I was turned on to a blog post about a week ago that compelled me to expound on the idea of real, particularly or perhaps specifically because of my claim to be a realist, as the title of my blog would imply. The post, I Don’t Know What it Means to be Real was something I saw re-Tweeted I think by fellow blogger @hanolsy and I would urge you to click-through and follow her, her blog, AND of course @GunmetGeisha and her blog as well. Thanks again to GG for the inspiration!

How many times in a given day do you think you act on some impulse, or on some external motivator and portray yourself as something you’re not? I’m not necessarily talking about lying to someone (or even yourself!) or knowingly putting on a face for a situation that’s not how you usually consider yourself. I’m talking about those on-the-fly, unconscious moments of action and thought. You’d have to guess because we aren’t keeping lists (probably) of the things we do unconsciously every day.

I’d say there are plenty of times I say something out loud to myself or maybe DO something as I’m walking or driving that only I see or experience, things that don’t necessarily embody the person I believe me to be. But if those things are coming from our unconscious, don’t they really reflect who we are much more than anything we might take time to prepare for display?

Part of me hopes that’s not true. If it is, I’m probably not nearly as good a person as I think. all too often I allow my emotions to control what I think and say BUT it’s 99.9% of the time for my ears only. I suppose I have control enough not to share those things publicly and thus avoid whatever potentially unpleasant consequences they would otherwise carry. Maybe I’m over thinking it but in those moments it’s unlikely I’m thinking much at all.

Being real with people is pretty much how I try to live my life. I don’t want to give off the wrong vibe when I’m meeting a stranger, who does? At the same time, I don’t want to intentionally do something fake, be someone I’m not, specifically to impart the impression I agree with something or like something I don’t. But am I really controlling that? Is the REAL me saying what I intend to say or is it being filtered, unknowingly but necessarily by some part of my brain so that I don’t simultaneously light a match, flick it at the person I’m speaking to and squeeze a long stream of gasoline out of a bottle at the flame?

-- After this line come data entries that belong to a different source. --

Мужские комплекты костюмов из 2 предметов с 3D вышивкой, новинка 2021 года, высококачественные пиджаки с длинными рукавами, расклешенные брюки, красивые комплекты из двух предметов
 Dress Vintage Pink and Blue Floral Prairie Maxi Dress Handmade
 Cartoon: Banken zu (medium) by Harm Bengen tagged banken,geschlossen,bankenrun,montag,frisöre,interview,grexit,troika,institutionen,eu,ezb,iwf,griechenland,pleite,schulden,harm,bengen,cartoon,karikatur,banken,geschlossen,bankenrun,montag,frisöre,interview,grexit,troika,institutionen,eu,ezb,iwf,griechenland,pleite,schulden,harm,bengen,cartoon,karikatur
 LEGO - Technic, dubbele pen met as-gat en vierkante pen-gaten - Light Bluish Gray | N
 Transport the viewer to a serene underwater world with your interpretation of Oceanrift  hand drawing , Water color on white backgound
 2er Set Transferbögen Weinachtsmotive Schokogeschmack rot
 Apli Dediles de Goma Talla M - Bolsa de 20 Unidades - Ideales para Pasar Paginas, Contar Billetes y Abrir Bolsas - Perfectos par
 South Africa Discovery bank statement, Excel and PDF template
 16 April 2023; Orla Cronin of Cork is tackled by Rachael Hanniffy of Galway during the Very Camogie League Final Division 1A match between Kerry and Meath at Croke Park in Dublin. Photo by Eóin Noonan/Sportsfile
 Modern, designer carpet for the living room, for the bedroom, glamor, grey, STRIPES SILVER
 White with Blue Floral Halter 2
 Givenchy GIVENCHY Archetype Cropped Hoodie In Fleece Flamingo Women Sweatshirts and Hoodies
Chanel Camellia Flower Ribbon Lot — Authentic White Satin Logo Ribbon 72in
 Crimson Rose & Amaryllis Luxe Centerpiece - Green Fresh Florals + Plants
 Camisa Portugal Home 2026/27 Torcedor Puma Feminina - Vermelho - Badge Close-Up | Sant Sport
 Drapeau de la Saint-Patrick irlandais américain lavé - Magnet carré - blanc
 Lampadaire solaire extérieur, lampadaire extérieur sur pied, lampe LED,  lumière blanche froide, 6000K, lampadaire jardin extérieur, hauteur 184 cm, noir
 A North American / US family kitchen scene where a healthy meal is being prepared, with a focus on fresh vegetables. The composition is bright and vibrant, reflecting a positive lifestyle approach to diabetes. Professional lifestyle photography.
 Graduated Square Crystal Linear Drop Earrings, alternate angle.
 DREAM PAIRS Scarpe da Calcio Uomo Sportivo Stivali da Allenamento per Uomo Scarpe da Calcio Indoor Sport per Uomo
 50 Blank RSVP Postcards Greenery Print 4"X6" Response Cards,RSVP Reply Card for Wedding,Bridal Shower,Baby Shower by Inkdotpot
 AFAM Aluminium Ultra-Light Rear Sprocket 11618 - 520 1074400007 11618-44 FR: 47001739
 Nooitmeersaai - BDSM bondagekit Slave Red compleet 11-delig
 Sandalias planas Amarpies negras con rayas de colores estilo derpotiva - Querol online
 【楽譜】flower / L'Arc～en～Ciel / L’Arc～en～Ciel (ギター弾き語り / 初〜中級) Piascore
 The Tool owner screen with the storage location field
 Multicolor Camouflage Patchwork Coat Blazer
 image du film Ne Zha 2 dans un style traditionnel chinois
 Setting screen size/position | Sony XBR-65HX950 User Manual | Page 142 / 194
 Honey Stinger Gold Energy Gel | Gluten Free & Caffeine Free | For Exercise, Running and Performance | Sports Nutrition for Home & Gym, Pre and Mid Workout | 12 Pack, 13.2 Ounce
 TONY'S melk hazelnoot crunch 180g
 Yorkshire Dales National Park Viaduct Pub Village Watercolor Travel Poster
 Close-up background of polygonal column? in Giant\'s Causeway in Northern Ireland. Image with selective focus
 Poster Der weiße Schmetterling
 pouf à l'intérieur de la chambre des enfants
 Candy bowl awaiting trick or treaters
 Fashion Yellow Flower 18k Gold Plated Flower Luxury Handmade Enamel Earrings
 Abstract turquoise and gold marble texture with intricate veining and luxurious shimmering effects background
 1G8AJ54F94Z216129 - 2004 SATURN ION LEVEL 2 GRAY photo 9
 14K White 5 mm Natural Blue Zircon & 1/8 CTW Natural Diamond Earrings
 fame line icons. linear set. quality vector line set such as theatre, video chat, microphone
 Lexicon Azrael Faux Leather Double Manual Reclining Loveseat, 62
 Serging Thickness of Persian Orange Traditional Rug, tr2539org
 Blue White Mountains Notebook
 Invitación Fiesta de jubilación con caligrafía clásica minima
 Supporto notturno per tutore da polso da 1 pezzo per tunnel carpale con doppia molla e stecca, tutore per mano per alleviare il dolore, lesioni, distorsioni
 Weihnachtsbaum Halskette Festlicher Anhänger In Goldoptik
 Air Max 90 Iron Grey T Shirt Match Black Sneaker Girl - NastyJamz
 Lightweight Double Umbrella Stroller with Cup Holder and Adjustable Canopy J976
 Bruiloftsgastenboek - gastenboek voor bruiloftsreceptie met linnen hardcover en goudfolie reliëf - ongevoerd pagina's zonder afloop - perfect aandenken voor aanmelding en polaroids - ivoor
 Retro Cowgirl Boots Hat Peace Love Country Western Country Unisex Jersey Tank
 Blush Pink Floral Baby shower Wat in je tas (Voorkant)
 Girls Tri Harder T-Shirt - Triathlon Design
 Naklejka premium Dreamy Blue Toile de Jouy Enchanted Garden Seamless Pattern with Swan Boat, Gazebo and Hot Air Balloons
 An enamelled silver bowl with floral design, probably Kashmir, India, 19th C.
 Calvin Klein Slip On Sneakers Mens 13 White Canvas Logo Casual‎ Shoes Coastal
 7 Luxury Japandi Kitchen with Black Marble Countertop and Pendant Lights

Not sure why that scenario was so easy to envision, maybe I should be concerned, but if it’s a real thought, should I want to suppress it? I suggest in the title of my blog that I’m a Realist specifically to combat the idea readers might develop, from their interpretation of my opinions, that I’m a Pessimist. I don’t think everything is bad or that everyone is bad, but if I’m seeing something In Real Life, can I really even know if it’s real or not?

This was far more existential than it seemed in my head before I put it here. I’m not trying to piggyback on the (conspiracy) theory that we actually live in The Matrix. I was spurred to wax theoretic on the subject by something interesting I read, which is where the majority of my musing comes from anyway. If I had too many original thoughts I’m afraid I might write a book or something. Ha.